Unfortunately, targets for ADA lawsuits can be located with relative ease because the regulations for access to buildings predating the ADA are vague at best and are subject to manipulation by plaintiffs’ attorneys. The guidelines for new construction lay out hundreds of requirements—everything from the permissible height of countertops and mirrors in newer or renovated buildings to how heavy swinging entrance doors can be to the exact location where grab bars must be located in toilets, and on and on. A bathroom alone must meet more than 50 different standards. No such specific requirements exist for existing facilities but they provide a handy guide to use as a model – a model that provides a nearly impossible standard for older buildings to meet. Even cramped retail store layouts may violate the ADA, since they prevent disabled customers from negotiating aisles and reaching every bit of merchandise.

Generally, a business must maintain in operable working condition the features that make a place of public accommodation accessible in order to comply with the mandates of the ADA. These include maintaining accessible routes, elevators, ramps, and doors.


The overwhelming majority of alleged violations concern "architectural barriers" to access. The ADA defines discrimination under the Act to include "a failure to remove architectural barriers, and communication barriers that are structural in nature, in existing facilities … where such removal is readily achievable." 42 U.S.C. § 12182(b)(2)(A)(iv) (emphasis added). Title III defines "readily achievable" as "easily accomplishable and able to be carried out without much difficulty or expense." 42 U.S.C. § 12181(9). Several factors are considered in determining whether removal of a barrier is readily achievable including:

  • the nature and cost of the action needed;
  • the overall financial resources of the facility involved in the action, including the number of persons employed at the site and the effect on expenses and resources;
  • the overall financial resources of the covered entity; the overall size of the business of the covered entity with respect to the number of its employees; the number, type, and location of its facilities; and
  • the type of operation of the covered entity, including the composition, structure, and functions of the workforce of such entity; the geographic separateness, administrative or fiscal relationship of the facility in question to the covered entity.

42 U.S.C. § 12181(9)(A)-(D).

Even if a property owner can demonstrate that the removal of a particular barrier is not readily achievable, the ADA also defines discrimination to include "a failure to make such goods, services, facilities, privileges, advantages, or accommodations available through alternative methods if that would be achievable. 42 U.S.C. § 12182(b)(2)(A)(v) (emphasis added). Thus, owners of public facilities must consider not only whether removal is readily achievable but also, if removal is not a feasible option, alternative methods of addressing access problems presented by architectural features.
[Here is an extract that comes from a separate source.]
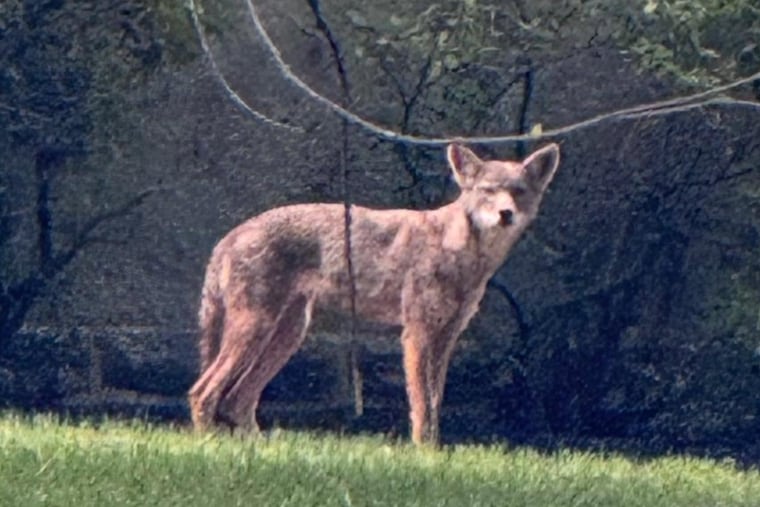 Cheltenham Township police killed a coyote after reports the animal was attacking residents in the Wyncote area. The coyote has tested positive for rabies, police said this week.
The ADA suggests, but does not require, that public accommodations set priorities in determining which barriers to remove first. The recommended priorities, in order, are:

  • Providing access from public sidewalks, parking, or public transportation. These measures may include installing an entrance ramp, installing power doors, widening entrances and providing accessible parking.
  • Providing access to those areas of a place of public accommodation where goods and services are made available to the public. These measures include adjusting the layout of display racks, re-arranging tables, providing Braille and raised character signage, widening doors, providing visual alarms and installing ramps.
  • Taking measures to provide access to restroom facilities. These measures include removal of obstructing objects such as towel holders, changing tables or vending machines, widening doors, installation of ramps, providing accessible signage, widening of toilet stalls and installation of grab bars.
  • Taking any other measures necessary to provide access to goods, services or facilities.
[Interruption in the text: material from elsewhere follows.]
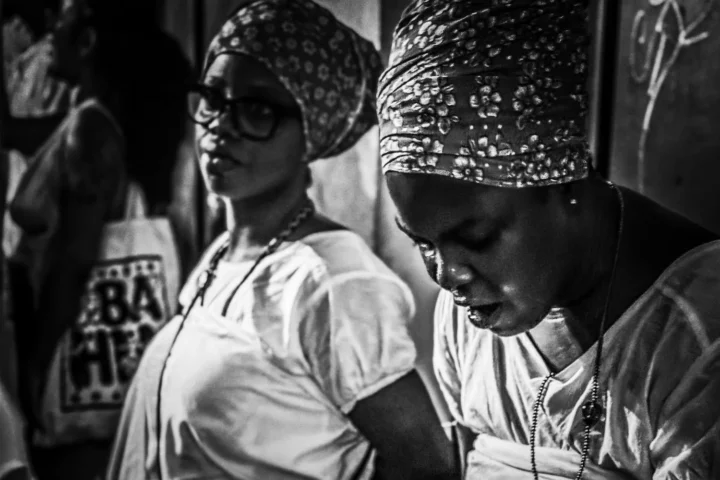 Hands that Feed III / Mãos que Alimentam III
BNA’s Americans with Disabilities Manual, No. 130, 30:0006.

One of the most significant provisions of the ADA is, of course, the section dealing with recovery of attorney’s fees. The ADA permits the award of a "reasonable attorney’s fee, including litigation expenses, and costs" in the discretion of the court, to a "prevailing party." 42 U.S.C. § 12205. In general, the party claiming the fees bears the burden of demonstrating that the demand is reasonable.

The test for determining a prevailing party is twofold. The first question is whether the plaintiff achieved some of the benefit sought by the party suing. The second question relates to causation – "whether the litigation constituted a material contributing factor in bringing about the events that resulted in obtaining the desired relief." In evaluating the success of a party, the most important issue is a comparison of the relief sought and the relief actually obtained.
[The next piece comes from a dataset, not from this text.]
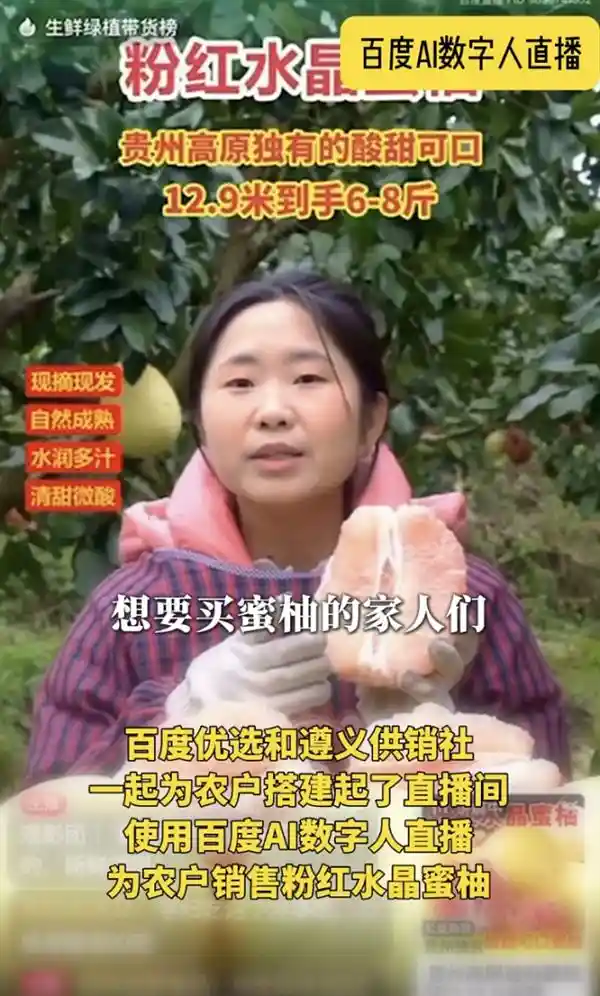 贵州农产品直播带来百万增收！数字人如何助力解决滞销难题？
The United States Supreme Court dropped a bomb on ADA plaintiff’s lawyers when it decided the landmark case of Buckhannon Bd. and Care Home, Inc. v. West Virginia Dep’t of Health and Human Res., 532 U.S. 598 (2001). The Court identified two judicial outcomes under which a party may be considered "prevailing" for the purposes of awarding attorney’s fees: (1) an enforceable judgment on the merits, or (2) a settlement agreement enforceable through a court-ordered consent decree. The former provides the necessary foundation for a plaintiff’s status as a prevailing party because the plaintiff has received at least some relief based upon the merits of his or her claim. The latter is acceptable, even without an admission of liability, because it is a "court-ordered change in the legal relationship" between the parties. Conversely, however, any changes implemented voluntarily by the facility or even following a settlement agreement not embodied in a consent decree are not taken into account in assessing whether the plaintiff is a prevailing party.

Thus, a prompt evaluation of any readily achievable changes sought by the plaintiffs followed by settlement discussions is a wise course of action after a lawsuit is initiated. Even in the absence of an agreement, the changes that can be made without significant expense should be undertaken immediately to reduce the likelihood of an eventual award of attorney’s fees, in addition to the fact that it makes good business sense to do so.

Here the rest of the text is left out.